Di tengah panen raya, petani tanaman pangan justru nombok.
Nilai Tukar Petani (NTP) tanaman pangan melorot di bawah 100, di level 98,68.
"Penurunan harga gabah yang drastis tidak direspons oleh penurunan harga beras secara signifikan," kata Kepala BPS Suryamin, di Jakarta, Senin (2/5/2016).
Akibatnya, indeks harga yang dibeli petani lebih besar dibandingkan dengan yang diterima.
Di sisi lain, kata Suryamin, penurunan harga beras yang harusnya signifikan karena panen raya juga tidak dinikmati oleh konsumen.
Padahal sejak Februari lalu, harga gabah sudah turun banyak.
Rata-rata harga gabah Maret 2016 sudah turun 9,76 persen dibandingkan Februari.
Sedangkan pada April 2016, rata-rata harga gabah turun 9,36 persen dibandingkan Maret.
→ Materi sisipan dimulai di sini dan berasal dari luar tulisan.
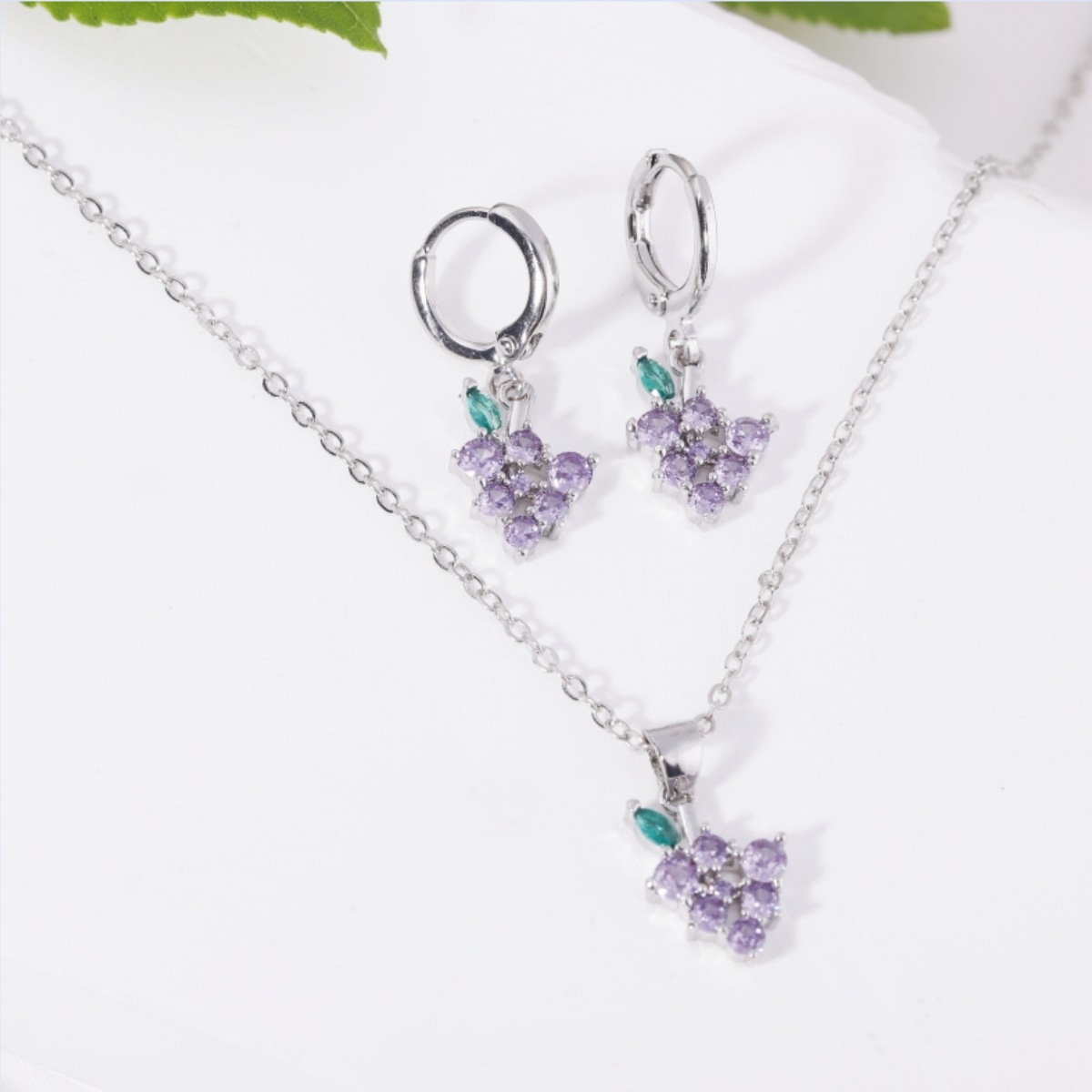 Fruit Earring Necklace Set Colorful CZ Zircon Earrings Grape Cherry Piercing Jewelry Gold detail image 28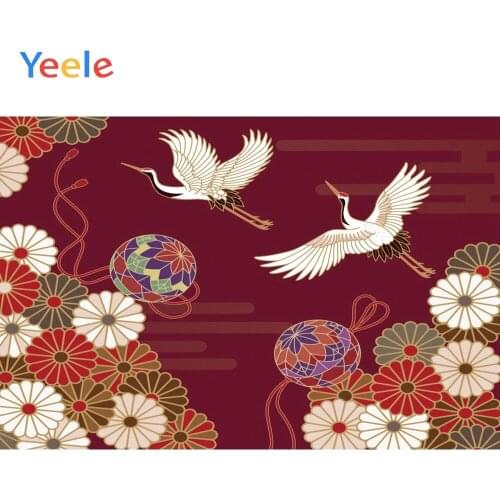 Yeele Festival Party Portrait Decors Crane Flower Photography Backdrops Personalized Photographic Backgrounds For Photo Studio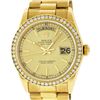 Image 1 : Rolex Men's 18K Yellow Gold 1.0 ctw Diamond Day Date President Wristwatch With Rolex Box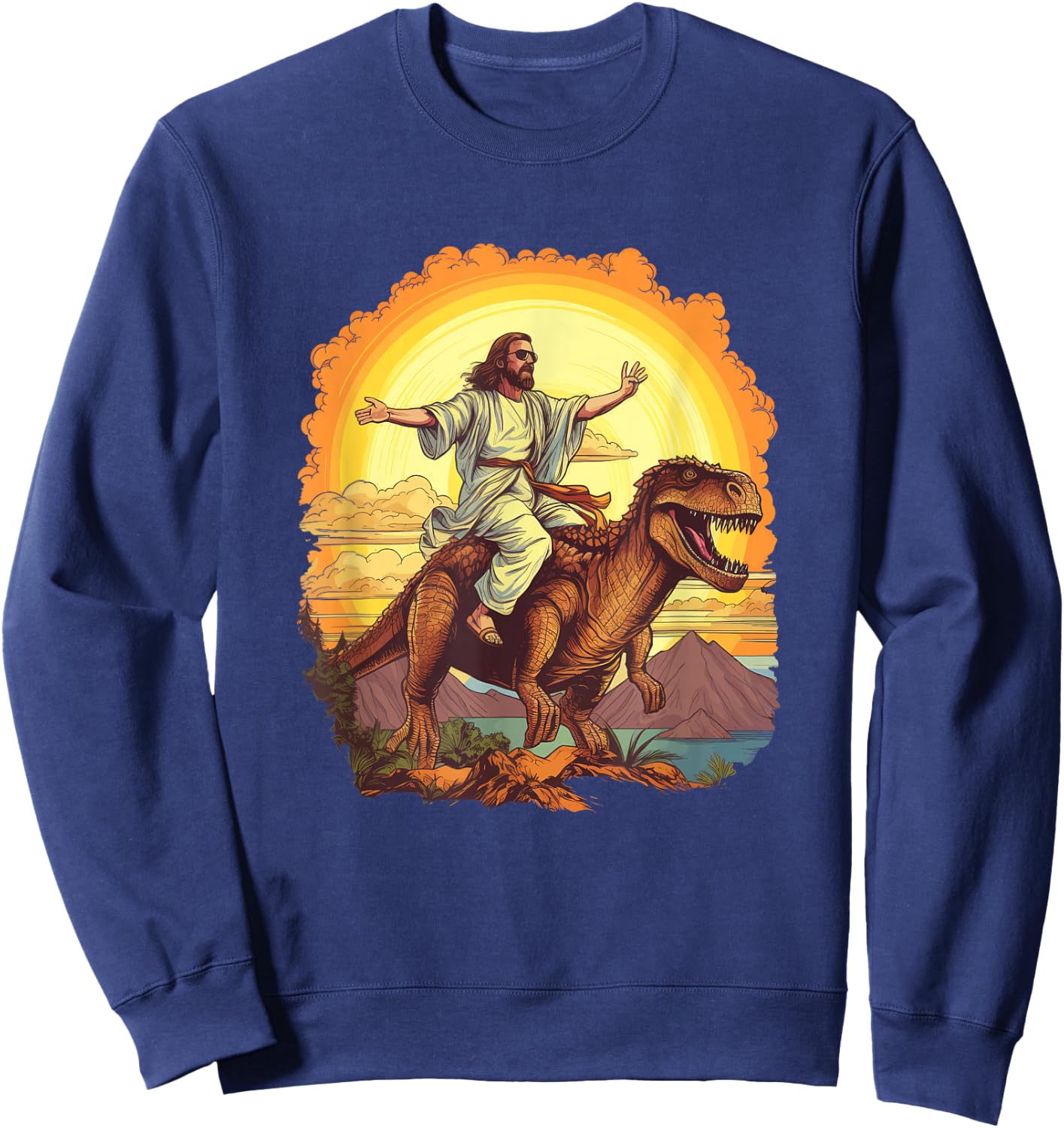 Lustiger Jesus reitender T-Rex Dinosaurier Meme Parodie für Gläubige Sweatshirt - Sweatshirt | Navy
"Harga gabah sudah dua kali turun, yaitu 9,76 persen dan turun lagi 9,36 persen," kata dia.
Akan tetapi, nyatanya penurunan harga gabah Maret tidak direspons penurunan harga beras secara signifikan pada April 2016.
Pada April 2016, harga beras di tingkat penggilingan hanya turun 5,14 persen.
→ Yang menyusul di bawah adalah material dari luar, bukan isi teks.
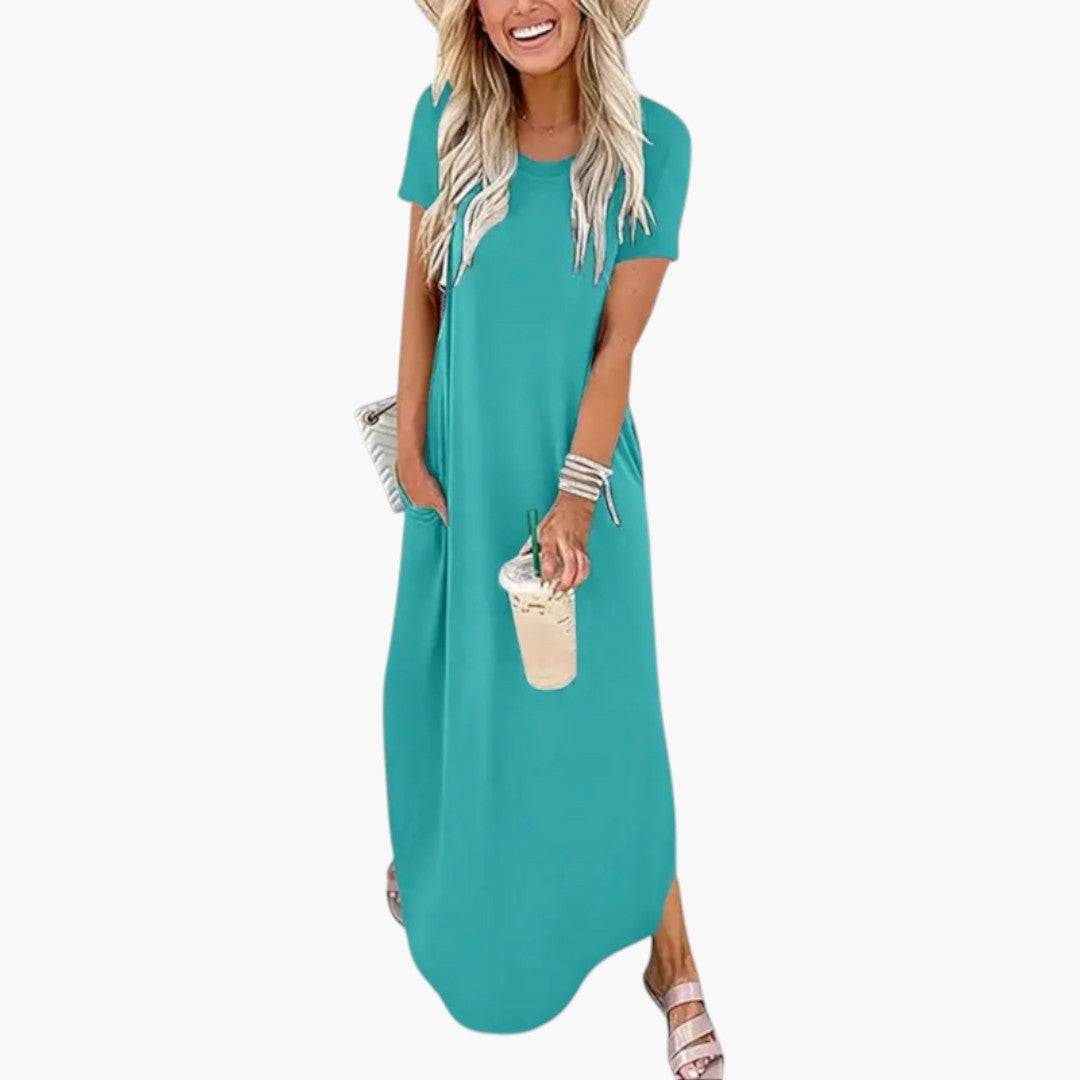 Robe maxi femme avec col rond et coupe fluide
Adapun rata-rata harga beras di tingkat grosir hanya turun 1,69 persen.
Penurunan harga beras makin tipis di tingkat pedagang eceran, yakni hanya 1,47 persen.
"Nah, ini mudah-mudahan ini (panen raya) direspons oleh pengusaha (pedagang beras)," kata Suryamin.(Estu Suryowati)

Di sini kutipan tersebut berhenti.